** Data to use follows **

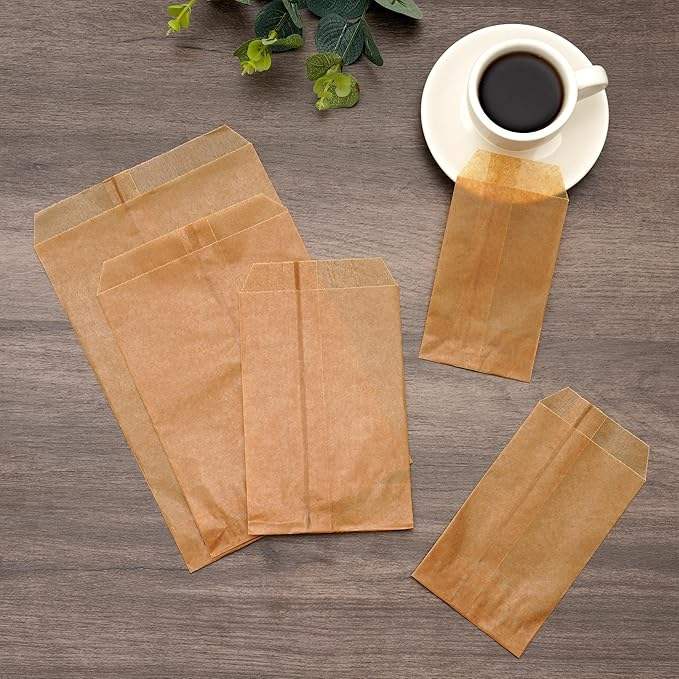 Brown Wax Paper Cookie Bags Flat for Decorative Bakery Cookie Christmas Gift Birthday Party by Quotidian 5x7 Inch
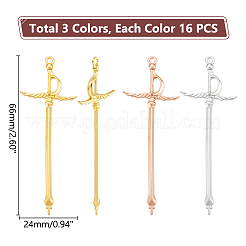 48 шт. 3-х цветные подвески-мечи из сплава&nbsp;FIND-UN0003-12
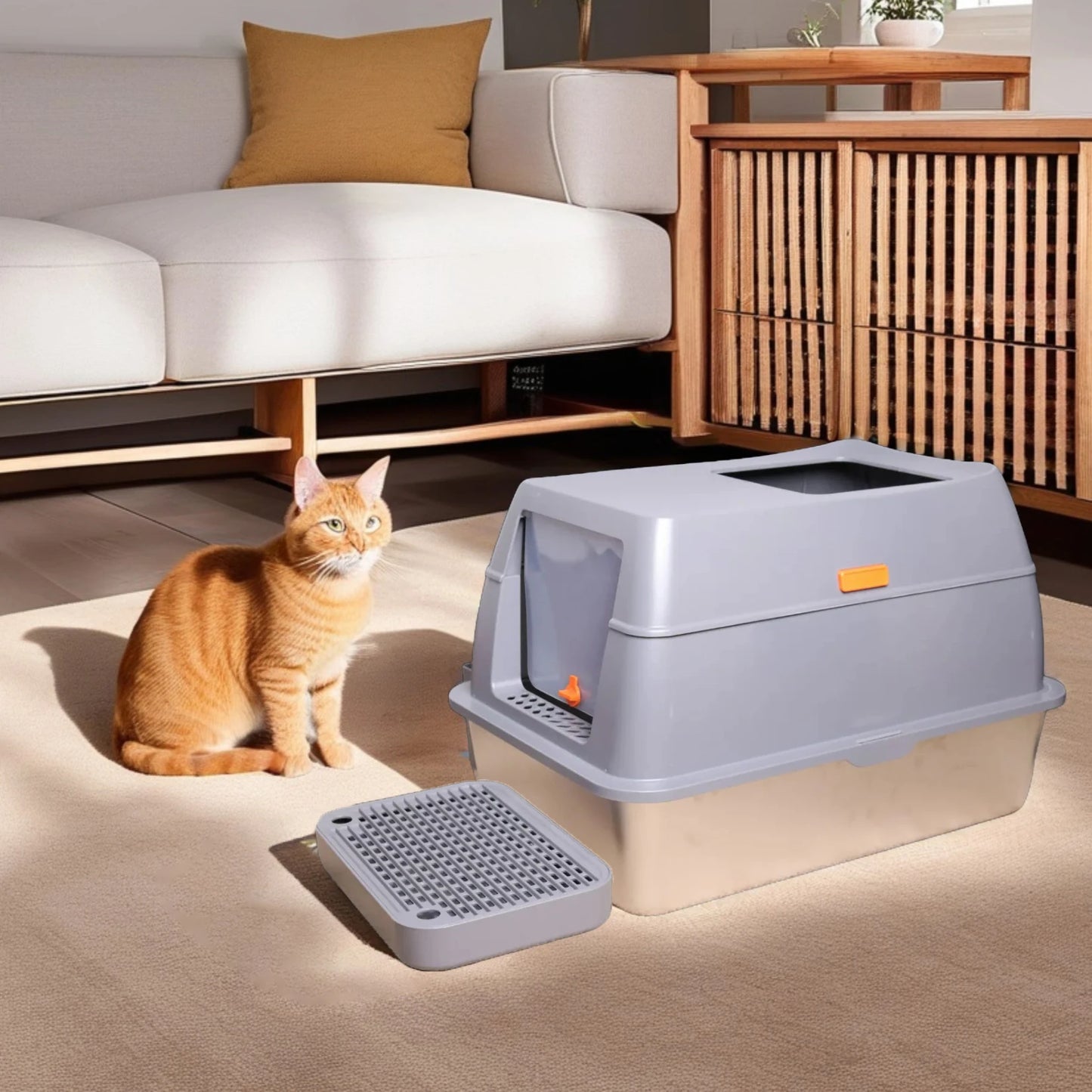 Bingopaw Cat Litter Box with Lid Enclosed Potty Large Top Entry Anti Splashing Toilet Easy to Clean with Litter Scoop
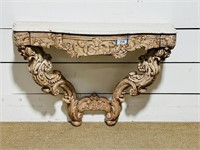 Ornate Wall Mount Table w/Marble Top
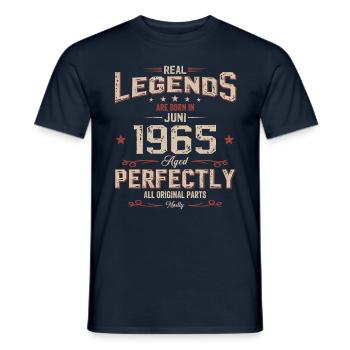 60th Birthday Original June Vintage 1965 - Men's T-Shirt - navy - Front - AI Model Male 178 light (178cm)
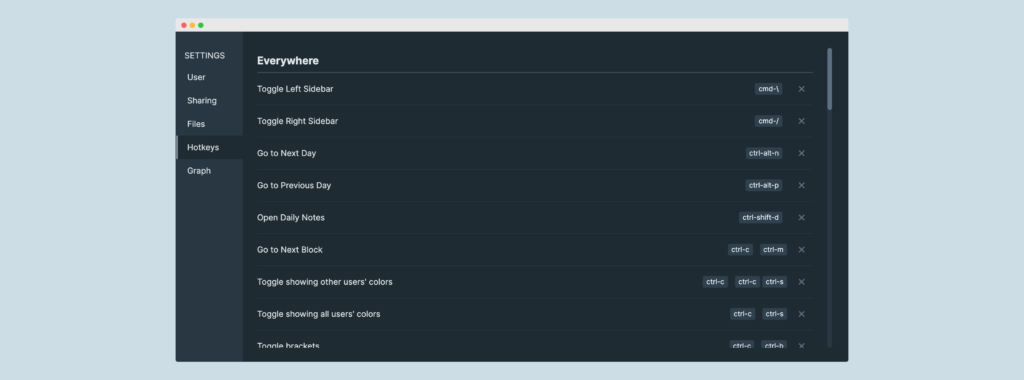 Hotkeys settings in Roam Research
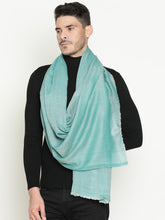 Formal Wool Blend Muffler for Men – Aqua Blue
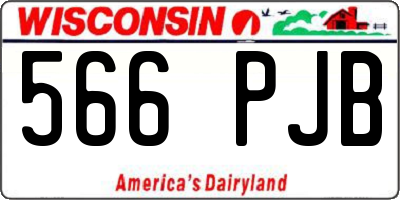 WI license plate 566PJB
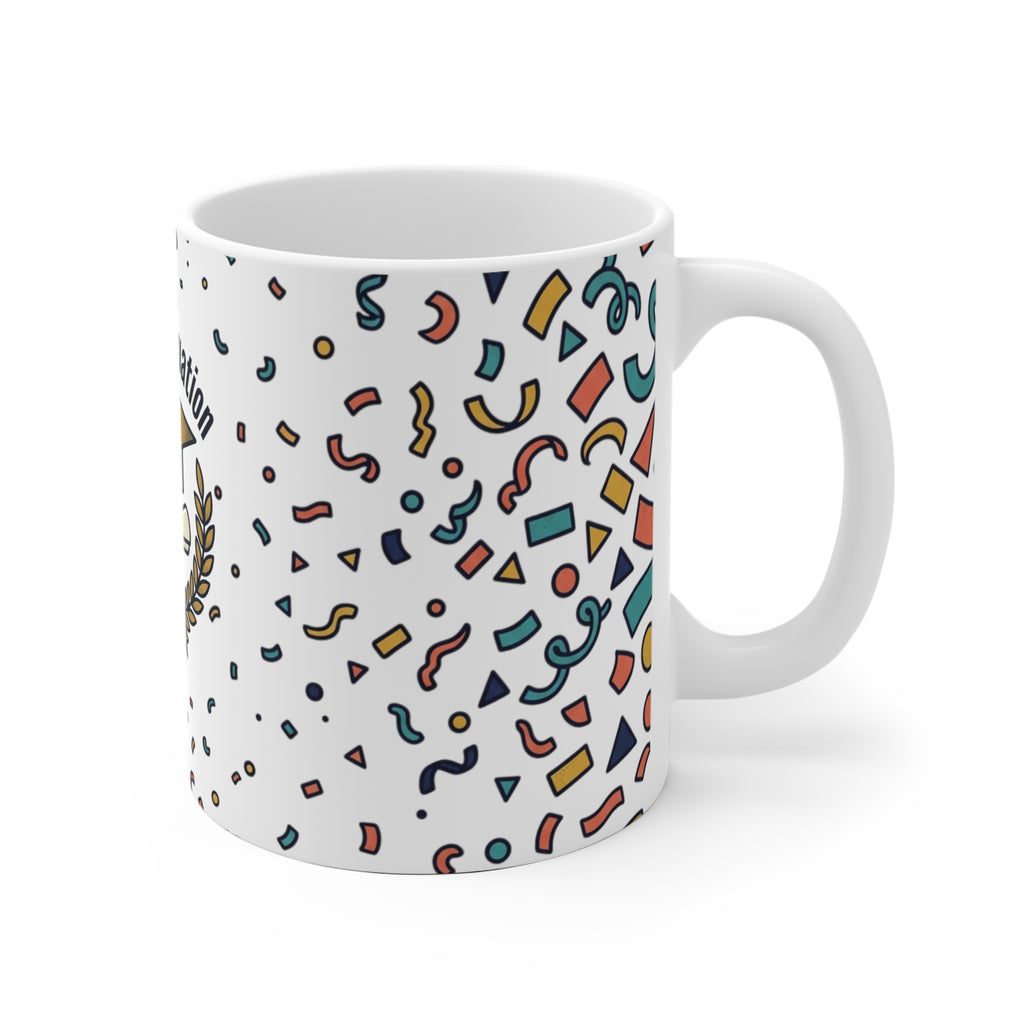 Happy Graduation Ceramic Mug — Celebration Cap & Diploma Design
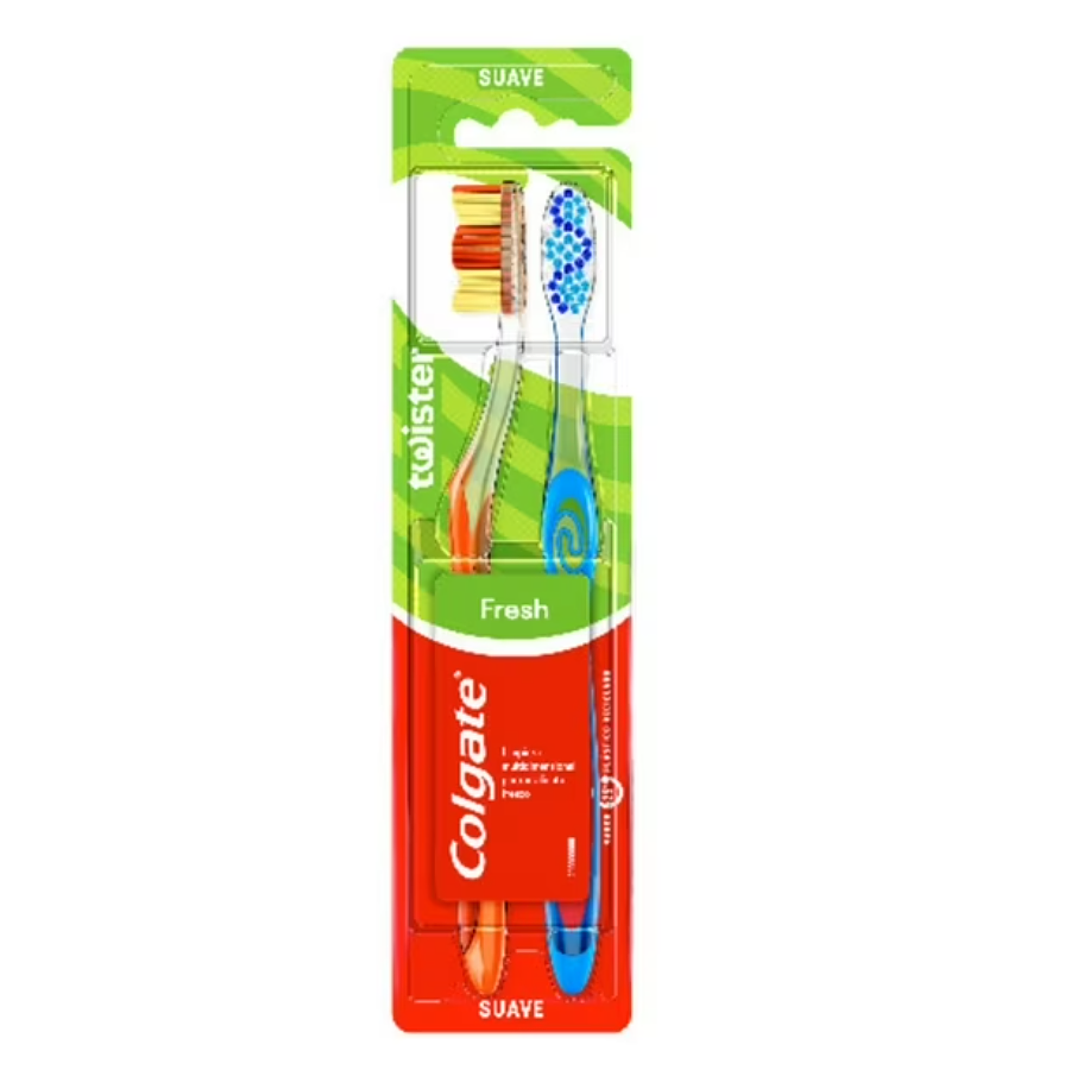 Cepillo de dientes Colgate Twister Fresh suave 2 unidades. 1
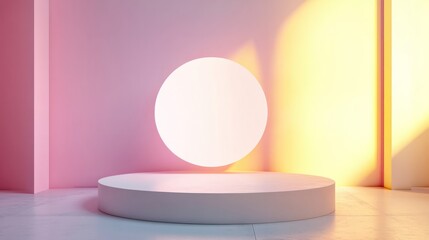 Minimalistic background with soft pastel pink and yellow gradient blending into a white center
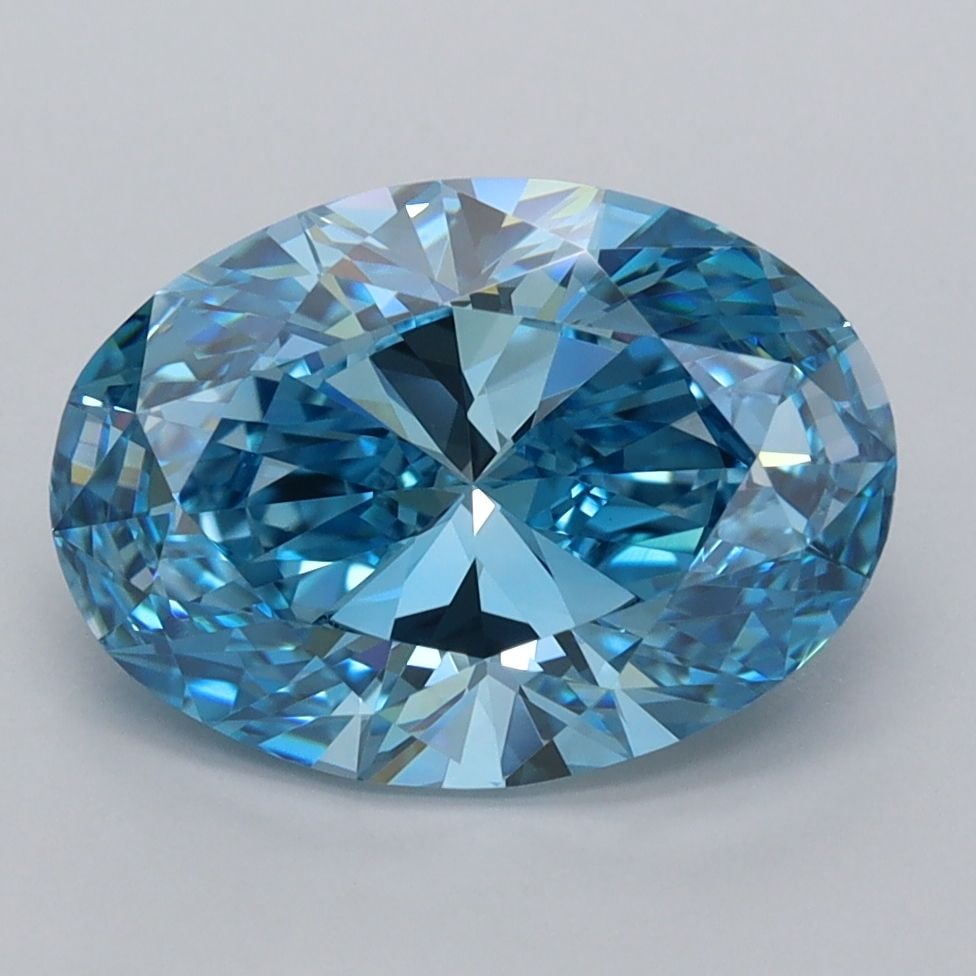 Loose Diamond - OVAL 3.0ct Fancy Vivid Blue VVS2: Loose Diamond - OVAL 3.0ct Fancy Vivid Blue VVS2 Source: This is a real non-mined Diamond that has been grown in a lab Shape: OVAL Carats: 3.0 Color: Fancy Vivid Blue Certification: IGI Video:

** End of Data to use **

Begin at the line containing "Minimalistic background with" and extract every line through the end of the records, inclusive, exactly and only; omit pictures.

### [Final answer]
 Minimalistic background with soft pastel pink and yellow gradient blending into a white center
 Loose Diamond - OVAL 3.0ct Fancy Vivid Blue VVS2: Loose Diamond - OVAL 3.0ct Fancy Vivid Blue VVS2 Source: This is a real non-mined Diamond that has been grown in a lab Shape: OVAL Carats: 3.0 Color: Fancy Vivid Blue Certification: IGI Video:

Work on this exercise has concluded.